Q: Does the idea of “middle age” really mean anything or is it just an artificial construction?
A: Middle age is “cultural fiction,” a story that we tell about ourselves. But the point is not that it has no meaning. In fact, just the opposite. The term has very powerful connotations in our culture. But those meanings are not fixed, they change over time. In the 19th century, midlife was frequently seen as the height of one’s power, influence and wealth, rather than as the beginning of decline, as it has most frequently been depicted in the 20th century.

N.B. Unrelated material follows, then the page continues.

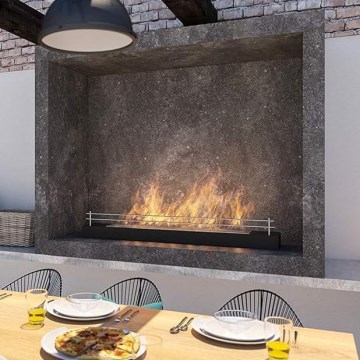 InFire - Caminetto BIO 8x120 cm 3kW nero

Q: If the middle aged are the biggest, richest and most influential segment of the population, why do so many middle aged women report feeling marginalized by society?
A: We are bombarded by either negative or unattainable images of middle age in the media. Think about films. Pretty much the only movies that star women over 35 are about Queen Elizabeth or Margaret Thatcher. Advertising is also enormously influential. The combination of mass consumption and self-improvement has created what I call a Midlife Industrial Complex. It is a complex in both the institutional and emotional sense — a massive commercial network that manufactures and sells products and procedures to combat supposed afflictions associated with middle age; and a mental syndrome that exaggerates angst about waning powers, failure and uselessness in one’s middle years. The market whips up insecurities and then sells the tools that promise to allay those fears.

Q: I’ve also read that many women are happiest during middle age. What happens during this period that changes either situation or perception for some women?

A: Those in midlife often say they feel at the height of their abilities and most in control of their lives. They report having greater control of their sex lives with less pressure from men and fewer worries about getting pregnant. The network of friends and family relations also provide enormous satisfaction and support. And then there are the benefits of experience. The English writer G. K. Chesterton made a wonderful observation. He said that youth is the period when we are hopeless and every setback feels like the end of the world. “But the power of hoping through everything, the knowledge that the soul survives its adventures, that great inspiration comes to the middle aged.”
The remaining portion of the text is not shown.